Aftermarket Fuel Filter Mounting Issues

More on the topic of aftermarket fuel filters here

You might consider this item: Randakk’s GL1000 Carb Rebuild Video

I’ve personally had very few problems using aftermarket fuel filters designed specifically for the GL1000 such as the commonly available EMGO model. However, there have been some reported failures with such aftermarket filters. Fuel leaking from a fuel filter is more than a nuisance…it’s a very serious fire hazard.

Here’s a tip to prevent problems with these filters. The probable cause of leaking aftermarket filters is over-tightening of the 2-part bracket that secures the filter to the front of the fuel tank. If the aftermarket fuel filter has a diameter just slightly larger than the OEM spec, tightening of the retainer screw can put to much stress on the plastic filter housing which may cause it to fail eventually.

Remember, the OEM filter and correct aftermarket substitutes all have molded in retention ridges. These secure the filter in the bracket without putting ANY pressure on the filter. In fact, once the 5 mm retaining screw is lightly snugged, you should be able to rotate the filter in the bracket with minimal effort.

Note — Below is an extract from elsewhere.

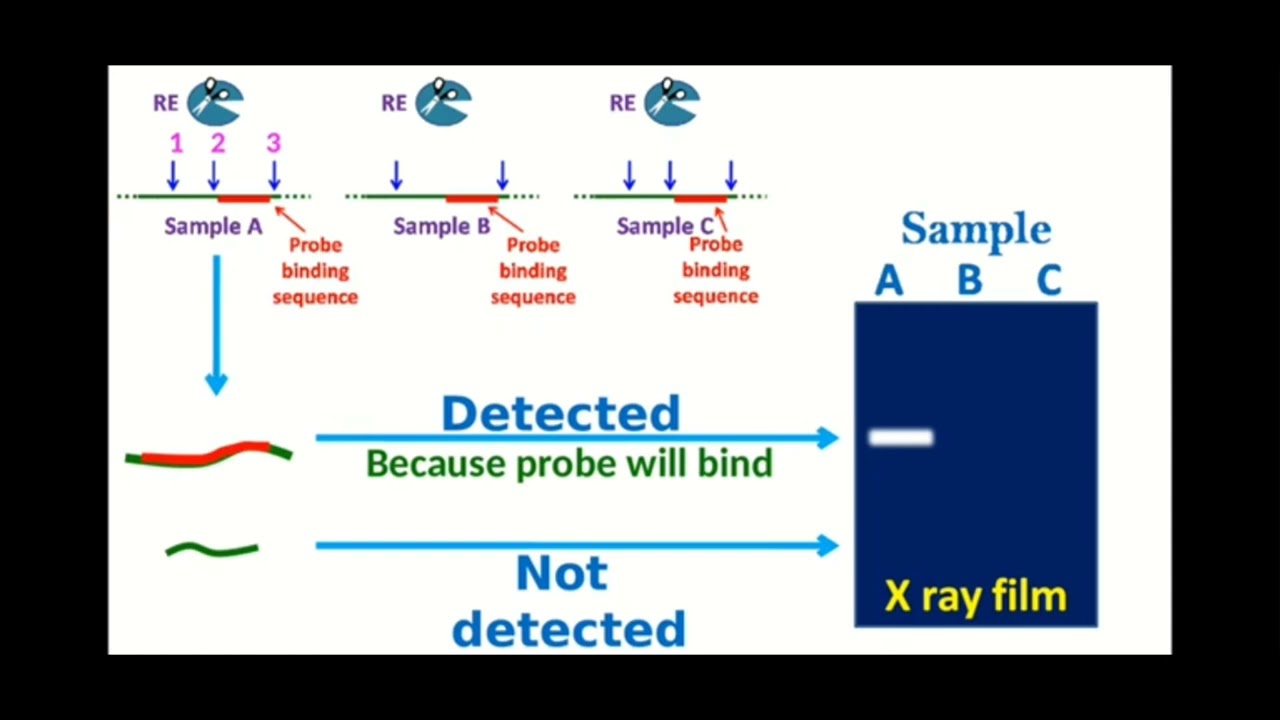 RFLP (partie 2)- SV- Génétique- Chapitre 3- Document 4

If you can’t rotate the filter within the bracket, you should put a 5 mm plain washer between the 2 bracket halves to relieve any excess pressure. This will prevent any premature failures of your filter.

I use a drop of BLUE Loc-tite to prevent the retaining screw from vibrating loose.

More fuel filter mounting tips:

  • I always check to make sure the filter has no internal obstructions before mounting. I do this by gently blowing through the filter. I’ve found a few with manufacturing defects that were 100% blocked!
  • I always vigorously shake new filters before mounting. If I detect any “rattle,” this means that the internal filter media is loose in the housing. This is an important test. A rattle means that fuel can by-pass the element unfiltered. If you detect such a rattle, the filter should be tossed.
  • Whenever you change the fuel filter, be sure to flush the fuel pump and outboard hoses before reconnecting everything to the carbs. Debris often collects here in lightly used machines. Strongly consider replacing your hoses if there is any doubt about their condition. Be aware that old fuel hoses can deteriorate from the inside out and shed small rubber particles wreaking havoc on small carb passages.
  • Be sure to observe the flow direction arrow embossed on the filter housing.